This Week In The Economy: Reassuring U.S. Jobs Report, Mixed Picture In Global Economy, Yet Another Brexit Delay?

Welcome to a regular snapshot-review of U.S. and international economic news that aims to 1) provide a window into the challenges and decisions facing businesses today, 2) determine the direction of economic policy — such as the speed at which central banks respond, and 3) assess what the impact will be for consumers.

U.S. Employment Growth Rebounds In March After Disappointing Feb Data

The U.S. economy added 196,000 jobs in March, and the unemployment rate was unchanged at 3.8% — an encouraging rebound from lackluster numbers reported the prior month to alleviate concerns of a near-term slowdown in economic activity. The small increase in jobs for February was revised up from +20,000 to +33,000, while January was revised up from
+311,000 to +312,000.

Not surprisingly, the services sector drove the increase, with healthcare adding 49,000 jobs in March, while professional and technical services grew by 34,000. Manufacturing employment shrank by 6,000 in March, following just 1,000 jobs added in February.

China-U.S. Trade Agreement Enters The Home Stretch, Sticking Points Remain

China and the United States kicked-off another round of talks this week in Washington amid growing hopes of a deal to end their drawn-out trade war.

News reports indicate both sides are on the cusp of an agreement, one that would give China until 2025 to meet fulfill commitments on purchasing agricultural and energy products, and also permit U.S. companies to completely own ventures in the world’s second largest economy.

There do remain some obstacles to finalizing an agreement, however, such as the fate of the tariffs the U.S. has imposed on more than $250 billion of Chinese imports. Trump said the final deal would be “the granddaddy of them all.” He characterized the state of the talks as having addressed “a lot of the most difficult points” but that “we have some ways to go”.

The potential for a breakthrough comes as the World Trade Organization warned this week of the significant risk protectionist policies pose for the global trading system. After growing less-than-expected in 2018 due to trade conflicts and heightened economic uncertainty, the WTO projected world merchandise trade volume growth will fall to 2.6% in 2019 — down from 3.0% in 2018. Trade growth could then rebound to 3.0% in 2020 — an estimate which is dependent on an easing of trade tensions.

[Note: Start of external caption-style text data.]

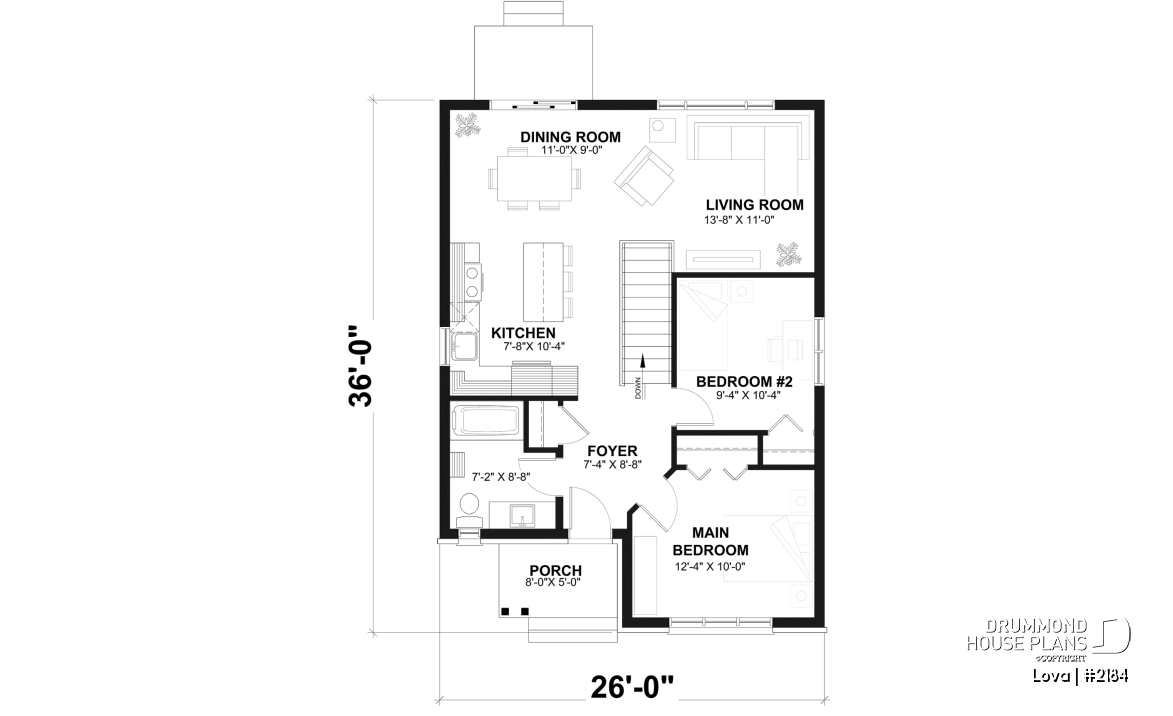 1st level - Affordable small home plan, 2 to 4 bedrooms, open-concept layout, optional finished basement ($) - Lova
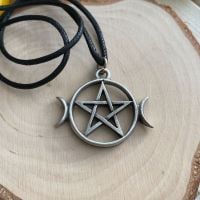 Pewter Triple Moon and Pentagram Pendant with Black Cord Necklace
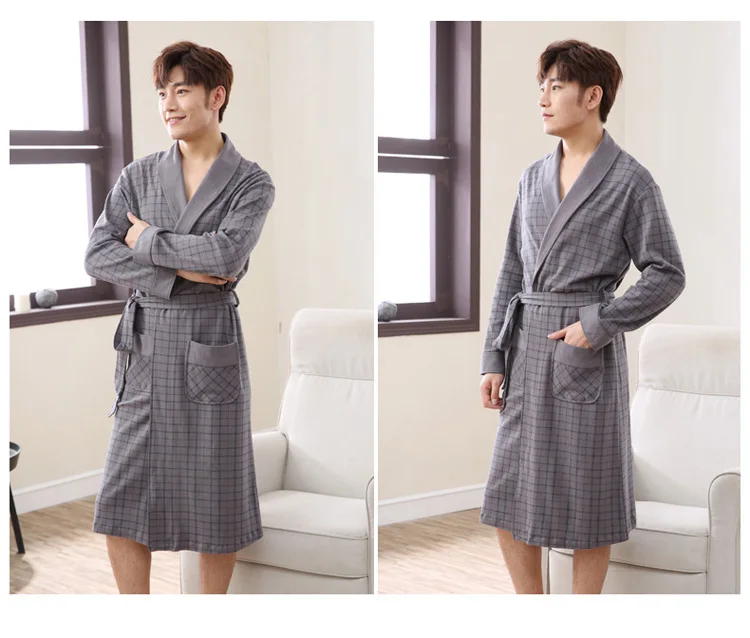 SusanDick 2018 халат для мужчин сезон: весна-лето хлопок пижамы с длинным рукавом кимоно человек повседневное Домашняя одежда Pijama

WTO: World merchandise trade volume and real GDP growth, 2011–2020
Annual % change

“If we forget the fundamental importance of the rules-based trading system we would risk weakening it, which would be an historic mistake with repercussions for jobs, growth and stability around the world,” the WTO said.

Good luck ….

IMF Chief: Global Economy At A Precarious Stage

Continuing the theme of a global economy balanced on a knife edge, the head of the International Monetary Fund warned this week that conditions are becoming increasingly “unsettled”.

While a recession is not expected in the near-term, IMF Managing Director Christine Lagarde said global economic activity has lost additional momentum since the beginning of the year and is at a “delicate moment.”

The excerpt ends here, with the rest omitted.